TASK BRIEF
Copy only what lies from the line containing "Compre Molas de" through the line containing "Birkenstock Arizona BS Jr 1026859 55398810" in the entries below, keeping both end lines exact and dropping every picture.

[Caption-style text data]
========

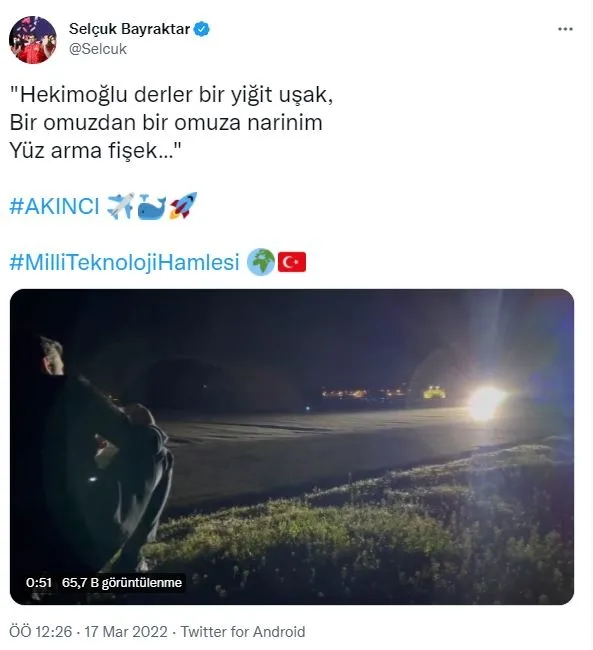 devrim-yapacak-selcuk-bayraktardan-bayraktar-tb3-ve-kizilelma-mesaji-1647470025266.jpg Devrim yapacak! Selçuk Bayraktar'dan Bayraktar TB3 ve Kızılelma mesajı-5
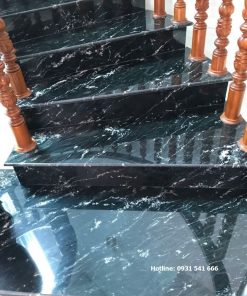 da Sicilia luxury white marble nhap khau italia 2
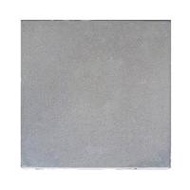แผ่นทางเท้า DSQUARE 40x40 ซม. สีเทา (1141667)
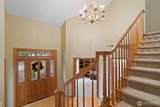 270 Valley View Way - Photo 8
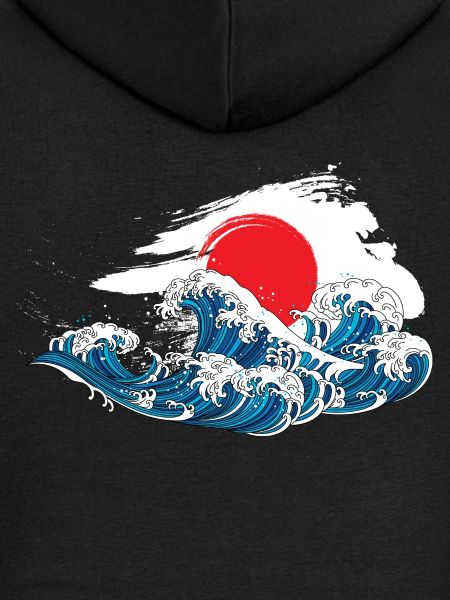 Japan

========

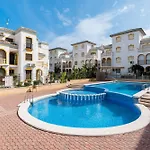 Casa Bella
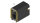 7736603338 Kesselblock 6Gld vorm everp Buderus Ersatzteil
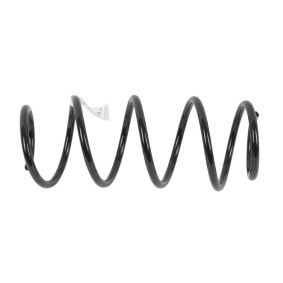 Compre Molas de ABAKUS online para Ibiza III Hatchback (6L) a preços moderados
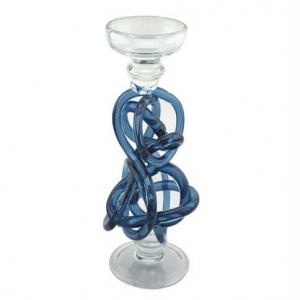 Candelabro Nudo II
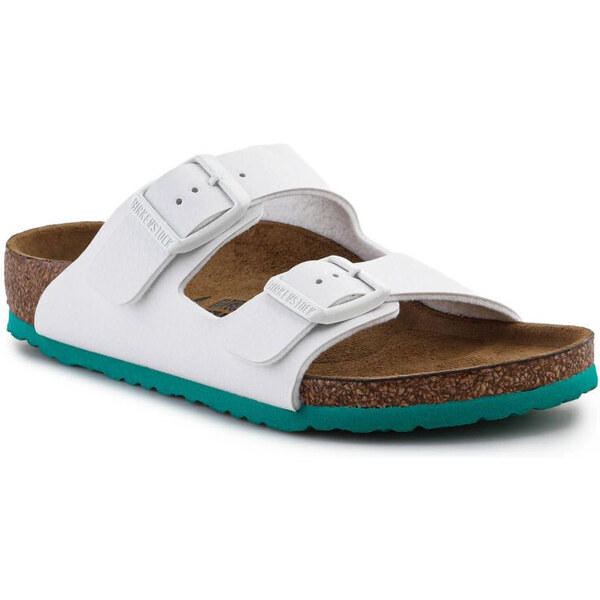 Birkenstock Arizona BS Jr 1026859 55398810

========

RESPONSE AREA
 Compre Molas de ABAKUS online para Ibiza III Hatchback (6L) a preços moderados
 Candelabro Nudo II
 Birkenstock Arizona BS Jr 1026859 55398810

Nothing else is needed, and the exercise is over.